» **WHAT YOU ARE ASKED TO DO**
Wherever pictures appear in the listing below, leave them out, and copy exactly, and only, everything from the line with "Monochrome illustration of" down to the line with "Crop Top Noir".

» **AVAILABLE RECORDS**
- Opening Delimiter -

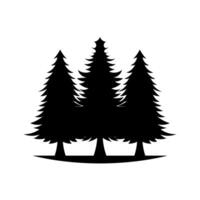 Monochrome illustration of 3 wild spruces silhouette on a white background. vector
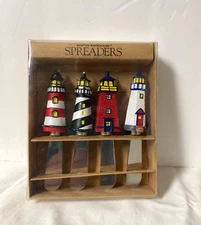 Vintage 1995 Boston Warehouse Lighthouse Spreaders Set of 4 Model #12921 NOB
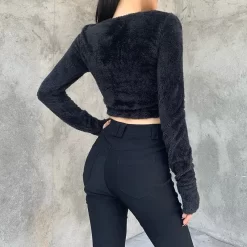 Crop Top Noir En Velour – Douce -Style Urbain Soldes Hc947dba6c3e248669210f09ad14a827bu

- Closing Delimiter -
- Opening Delimiter -

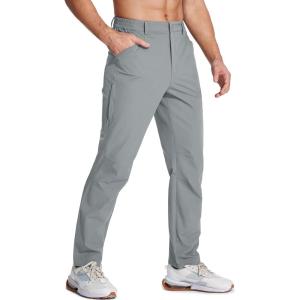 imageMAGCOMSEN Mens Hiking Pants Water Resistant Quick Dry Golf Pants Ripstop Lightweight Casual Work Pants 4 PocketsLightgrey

- Closing Delimiter -

» **RESULT FOR THIS TASK**
 Monochrome illustration of 3 wild spruces silhouette on a white background. vector
 Vintage 1995 Boston Warehouse Lighthouse Spreaders Set of 4 Model #12921 NOB
 Crop Top Noir En Velour – Douce -Style Urbain Soldes Hc947dba6c3e248669210f09ad14a827bu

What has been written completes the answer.